— Эй, не зевай! — окликнул Эвриха Гжемп. Выдолбленная из древесного ствола лодка ткнулась в низкий берег безымянного островка, и змеелов первым выскочил на землю. Аррант последовал за ним, прихватив переметную суму, запасной мешок из плотной ткани и длинную палку с рогаткой на конце.
Наслушавшись рассказов Гжемпа об охоте на ндагг — едва ли не самых страшных и распространенных в Мономатане змей, Эврих желал во что бы то ни стало собственными глазами увидеть змеелова за работой. Сам он, разумеется, не собирался ловить ядовитых гадин, но Гжемп настоял, чтобы его спутник должным образом подготовился к предстоящей охоте — раздобыл штаны и сапоги, после чего вручил ему собственноручно вырезанную рогульку — на случай, как он выразился, непредвиденных обстоятельств. И сейчас, шагая вслед за змееловом по высокой росистой траве, Эврих испытывал к нему чувство глубокой признательности. У него не было оснований сомневаться в утверждении Гжемпа, что ндагги никогда не нападают первыми, и все же непривычное одеяние добавляло ему бодрости и уверенности в благополучном исходе затеянного предприятия.
Что же касается самого змеелова, то он, присмотрев небольшую, окруженную невысоким кустарником полянку, начал выдирать и вытаптывать на ней траву с самым будничным видом. Уроженец Мванааке, он, как это ни странно, не разделял ни почтения, которое жители столицы питали к кобрам, гадюкам, мамбам и ндаггам, ни ненависти и страха, с которыми относились к змеям саккаремцы, халисунцы и другие живущие севернее Мономатаны народы. Большая часть обитателей империи, с коими доводилось встречаться арранту, твердо верили, что все без исключения ядовитые змеи созданы были Тахмаангом на заре времен, дабы карать людей за дурные поступки. Они считали, что появление змеи в доме приносит удачу, и Эврих не раз видел мисочки с молоком, оставленные на ночь у крылечек хижин и особняков. Убийство змеи являлось в их глазах серьезным проступком, и потому Гжемпу приходилось работать тайно. Пусть даже он не убивал змей, а всего лишь держал в неволе ради получения яда — для глубоко верующих и этого оказалось бы достаточным, чтобы разнести его жилище, а самого змеелова предать лютой смерти.
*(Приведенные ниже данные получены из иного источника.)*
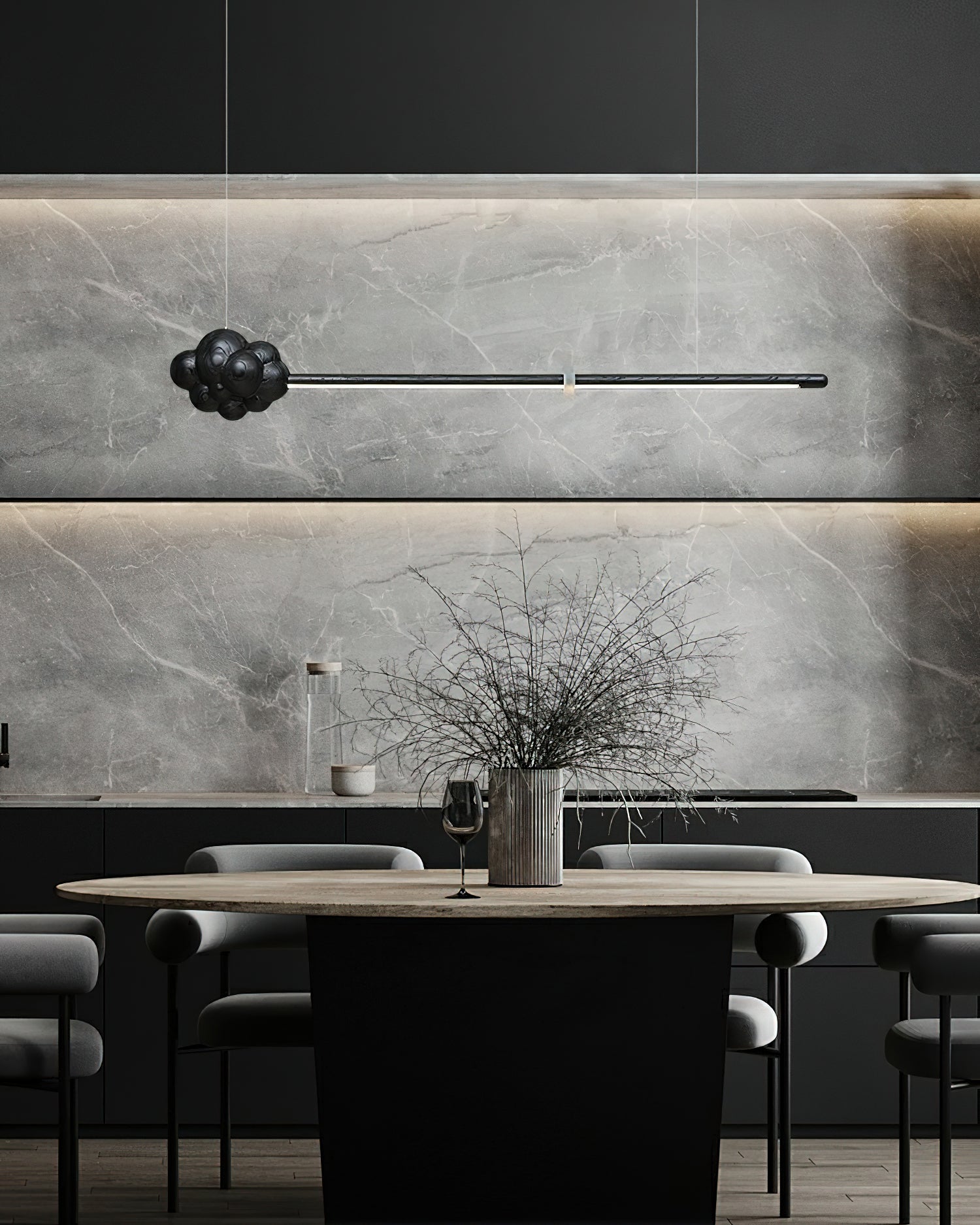 Cloud Stick Chandelier Chandelier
Расчистив от травы круг диаметром локтей семь-восемь, Гжемп вытер руки о штаны и, поглядев на проглянувшее из-за облаков солнце, удовлетворенно промолвил:
— Ждать придется недолго. Ндагги скоро полезут из кустов. Они любят погреться на солнышке. Главное — не шевелись, иначе спугнешь моих кормилиц.
Змеи глухи, и Гжемп, застыв с палкой в руках и мешком у пояса, говорил не понижая голоса. Он явно не верил, что его «кормилицы» выполняют на земле очистительную миссию, и в первый же день знакомства объяснил Эвриху, что научился своему ремеслу от отца, который, происходя из племени урару, был свободен от бытующих в столице предрассудков. Всю жизнь он поставлял змеиный яд лекарям и магам и, считая занятие это достаточно доходным и безопасным, завещал сыну продолжать свое дело. Семейство змееловов процветало до происшедшего в империи лет десять назад избиения колдунов и врачевателей, после чего заказчиков у Гжемпа и его отца сильно поубавилось. Тогда-то им и пришлось искать покупателей для своего необычного товара за пределами империи. Сделать это было непросто, и тут им помог бывший Газахларов домашний лекарь — Уруб, ведший переписку со своими коллегами из Аскула, Аланиола и Халы — столицы Кидоты. Со времени захвата Аскула имперскими войсками отношения Мавуно с Аррантиадой испортились точно так же, как перед этим с Кидотой и Афираэну, престарелый змеелов умер, но Гжемпу все же удавалось каким-то образом сбывать высушенный и специальным образом обработанный змеиный яд чужеземным покупателям. С возвращением же Уруба в «Мраморное логово» он посчитал нужным увеличить число годных для «дойки» яда «кормилиц», живущих в его доме, и с помощью старого знакомца заручился позволением Газахлара примкнуть к его отряду.